For people with blood problems: Infliximab may affect your blood cells. Tell your doctor about any problems you have with your blood before you start taking infliximab.

For people with nervous system problems: Infliximab may make symptoms of some nervous system problems worse. Use it with caution if you have multiple sclerosis or Guillain-Barre syndrome.

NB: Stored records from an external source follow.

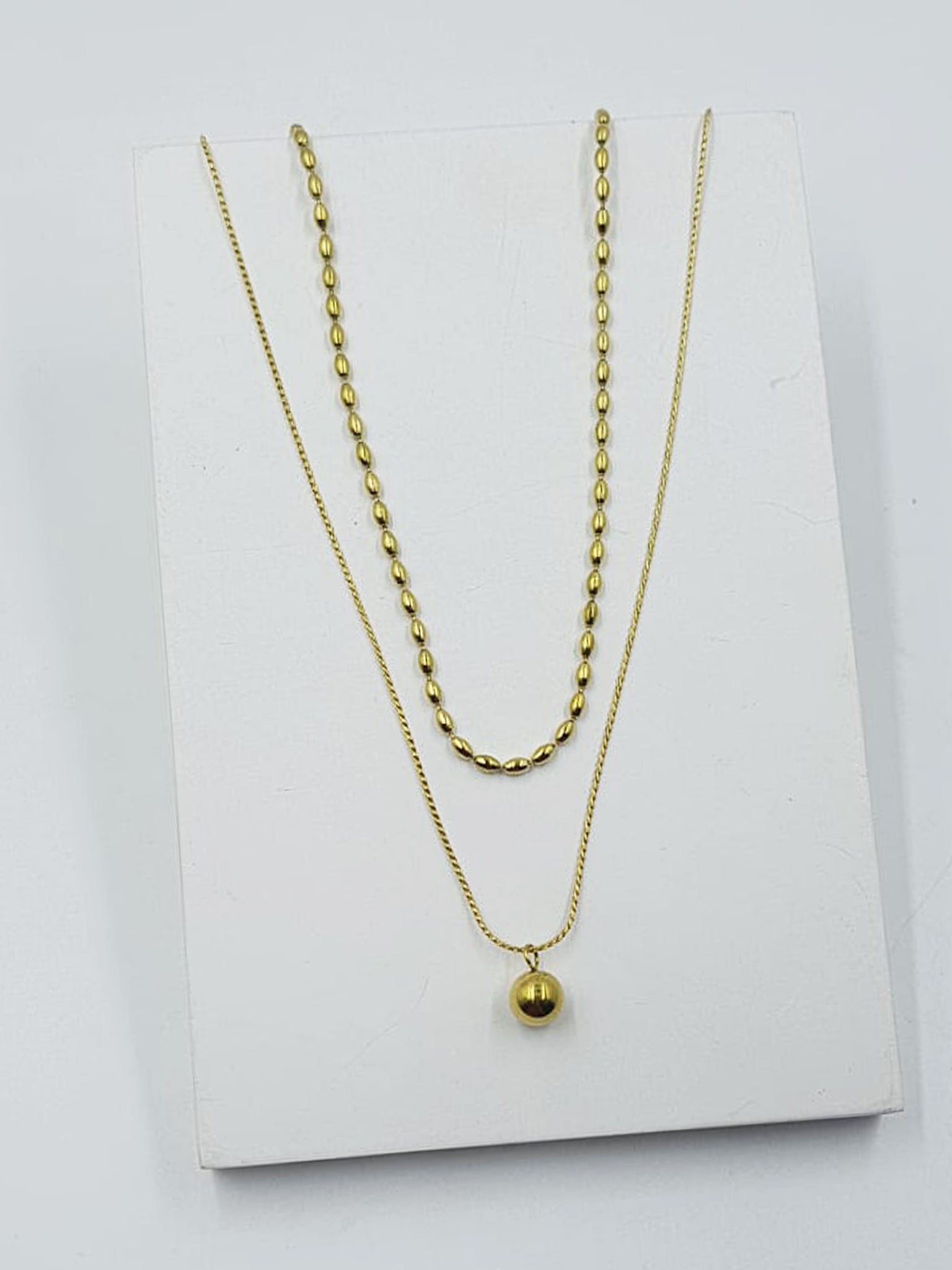 Layered Golden Sphere Necklace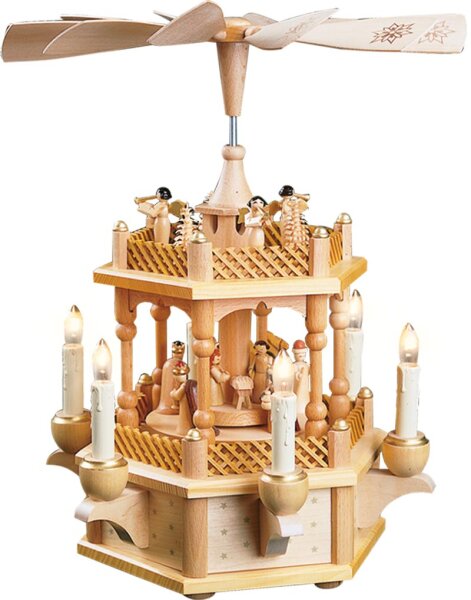 Richard Glässer - Pyramide Christi Geburt 1-st., natur, el. bel. u. betr.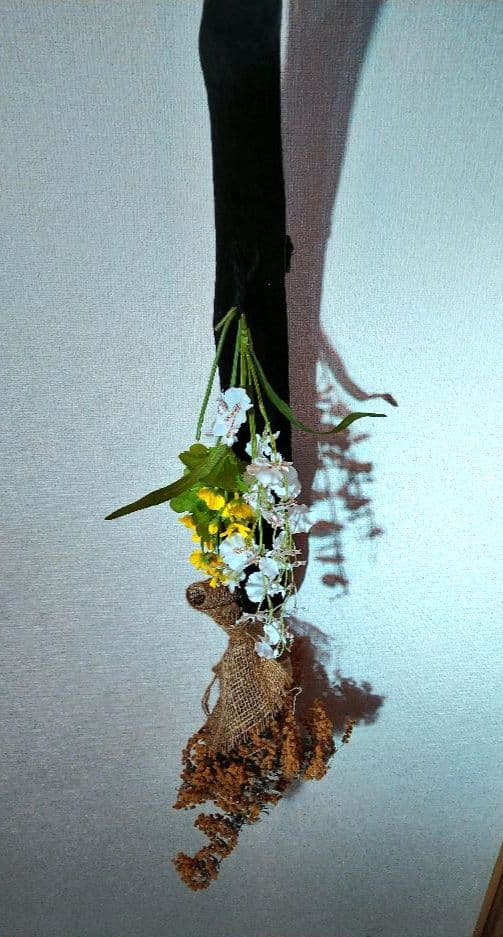 ♥花瓶・オブジェ・インテリア♥７７cm特大⬛壁掛け・反ブラック飾り台グラス付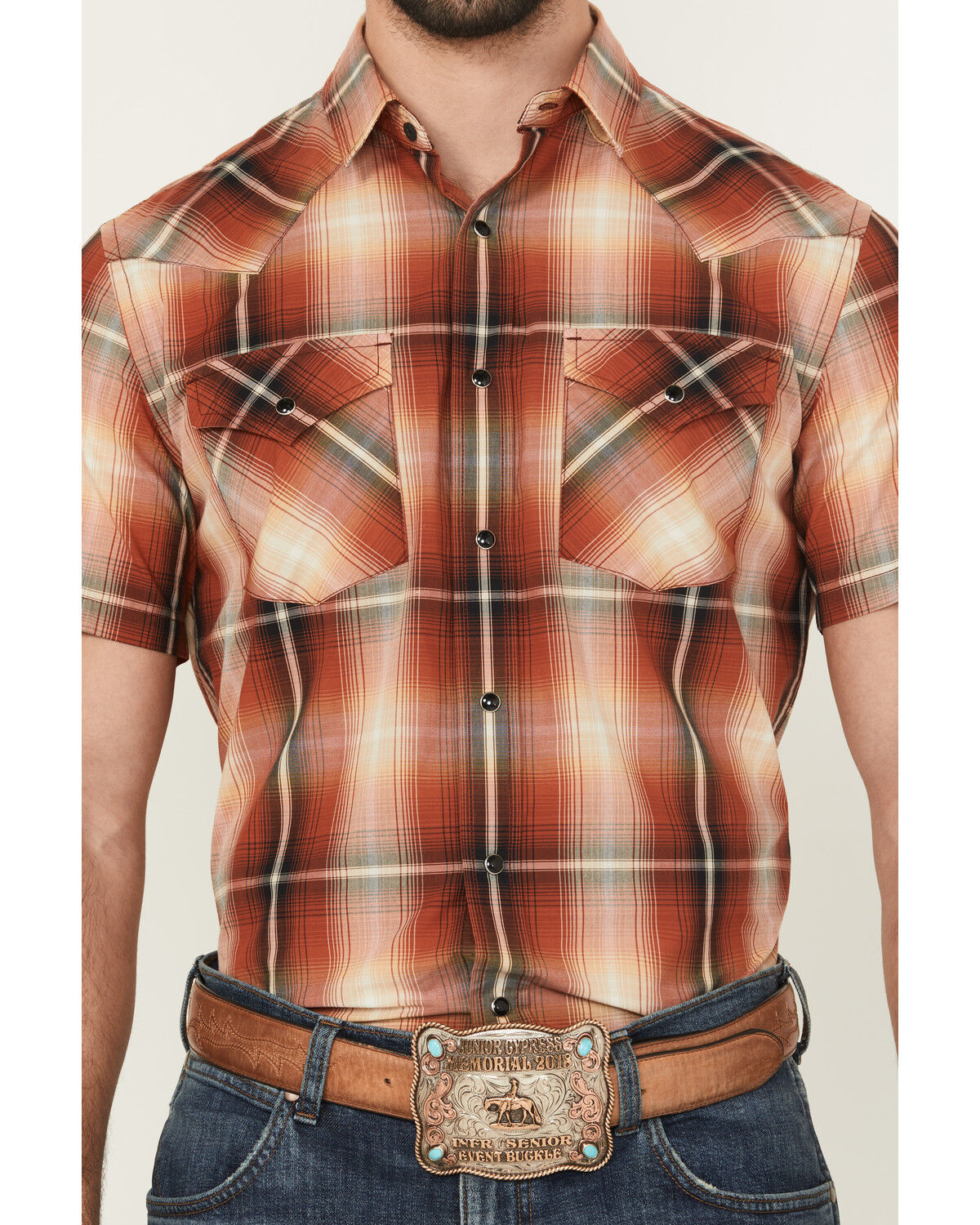 Pendleton Men's Frontier Plaid Print Short Sleeve Snap Stretch Western Shirt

For people with heart failure: This medication may make heart failure worse. Call your doctor right away if you get symptoms of worsening heart failure. Symptoms may include shortness of breath, swelling of your ankles or feet, and sudden weight gain. You’ll need to stop taking infliximab if your heart failure gets worse.

Warnings for other groups

For pregnant women: Infliximab is a pregnancy category B drug. That means two things:

1. Studies of the drug in pregnant animals have not shown risk to the fetus.
2. There aren’t enough studies done in pregnant women to show if the drug poses a risk to the fetus.

Tell your doctor if you’re pregnant or plan to become pregnant. Infliximab should be used during pregnancy only if the potential benefit justifies the potential risk to the fetus.

Call your doctor if you become pregnant while taking this drug.

For women who are breastfeeding: It is unknown if this drug passes into breast milk. If infliximab is passed to your child through your breast milk, it could cause serious side effects.

You and your doctor may need to decide whether you’ll take infliximab or breastfeed.

For seniors: You may be at higher risk for a serious infection while taking infliximab if you’re over the age of 65 years.

For children: Infliximab hasn’t been shown to be safe and effective for Crohn’s disease or ulcerative colitis in people younger than 6 years.

The safety and effectiveness of infliximab for other conditions haven’t been established in people younger than 18 years.